In October 1974, I heard via the grapevine that Bob Seger would be playing at Hedgecock Fieldhouse in Marquette. What amazed me was that he would be the warm-up act. This was my first clue that Seger was not a household name very far outside of Michigan.
He would be warming up for BTO (Bachman Turner Overdrive). You couldn't call BTO a one-hit wonder act, but three-hit wonder wouldn't be far off the mark. Later in my Tech career, we looked forward to their signature song "Takin' Care of Business" to get on the floor and do the alligator (see previous TechAlum newsletters).
So, some of us went to buy our tickets at, where? Ticketmaster? Nope, this was the UP--concert tickets were available at Jim's Foodmart.

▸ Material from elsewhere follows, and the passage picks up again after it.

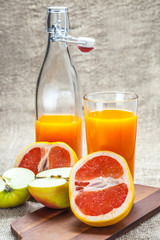 Juice of apples and red grapefruit.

We arrived at the fieldhouse early, since the bleachers had open seating and we wanted to get as close to the stage as possible. The place was packed and went nuts over Seger. He received standing ovations and did two encores.
After he played, we left. BTO specialized in three-chord progressions, like every garage band in America. We just wanted to see Seger. We figured the rest of the evening was better spent at the Alibi. The only thing left to figure out was who would draw the short straw and have to drive home.
Snow Watch '03-'04
as of March 12, 2004
This week Last week Last year
Snowfall to date 218.5 211" 194.0"
On the ground 26" 27" 30"
See our snowfall chart, dating back to 1890, and day--by-day snowfall for this season.
At Da Tech
TECH DEGREES OFFERED IN DEARBORN, SAGINAW: Beginning this fall, Michigan Tech will offer two bachelor of science in engineering (BSE) degrees at Henry Ford Community College in Dearborn and Delta College near Saginaw. One BSE will carry a minor in product design and the other a minor in municipal engineering. The programs are designed to accommodate those who work during the day or need flexibility in scheduling. The degrees are also available through Northwestern Michigan College in Traverse City.

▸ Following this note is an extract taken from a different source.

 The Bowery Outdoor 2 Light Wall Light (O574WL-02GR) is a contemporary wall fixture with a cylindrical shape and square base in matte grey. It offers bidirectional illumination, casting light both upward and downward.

CLEAN SNOWMOBILE CHALLENGE THIS WEEK: Engineering students from 15 universities have arrived at Michigan Tech for the SAE Clean Snowmobile Challenge. The event is the Society of Automotive Engineers' newest collegiate design competition. Teams of engineering students from participating schools take a stock snowmobile and then reengineer it to reduce emissions and noise while maintaining or improving performance. See www.mtu.edu/snowmobile
FOR MORE INFORMATION from Tech, see the weekly newsletter
Tech Topics: http://www.mtu.edu/news/ttopics/
BOARD TO IMPROVE JAIL VENTILATION: The Houghton County Board of Commissioners is seeking bids for a contract to improve air ventilation in the county jail. The project is expected to cost about $60,000. The board also discussed creating a year-round exercise facility for inmates.

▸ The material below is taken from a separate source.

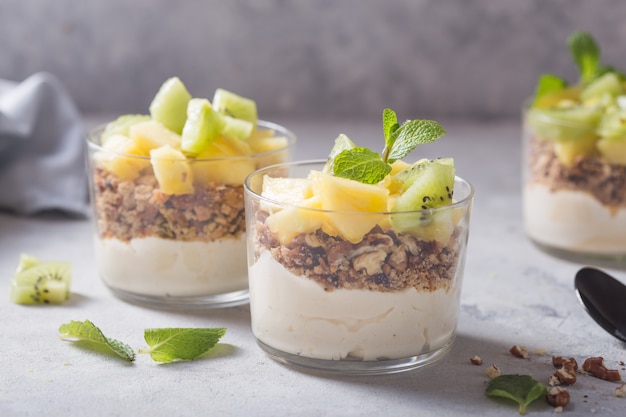 Parfait de iogurte caseiro com granola, kiwi, abacaxi e nozes em um copo no café da manhã saudável em fundo de concreto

TOWNSHIP HEARS REDRIDGE FIXES TONIGHT: The Stanton Township board will hold a special meeting tonight to consider temporary fixes for the two deteriorating Redridge dams. The right side of the timber crib dam has collapsed. If the timber crib dam collapses completely, it is almost certain the timbers would clog the steel dams valves, causing buildup and eventually the collapse of the steel dam. The township owns the dame, but the expense of proposed repairs range from $311,000 to $1 million--all out of range for the sparsely populated township.
HOUGHTON CONSIDERING RENTAL LICENSE: The Houghton City Council is considering a new ordinance that would require homeowners seeking to turn their houses into rental properties to be licensed. A public hearing on the proposals likely would be held April 14. A homeowner wishing to convert his property into a rental would have to get the property inspected for safety and compliance with codes by the city. The owner would have to detail the likely number of tenants and parking spaces, and submit a site plan.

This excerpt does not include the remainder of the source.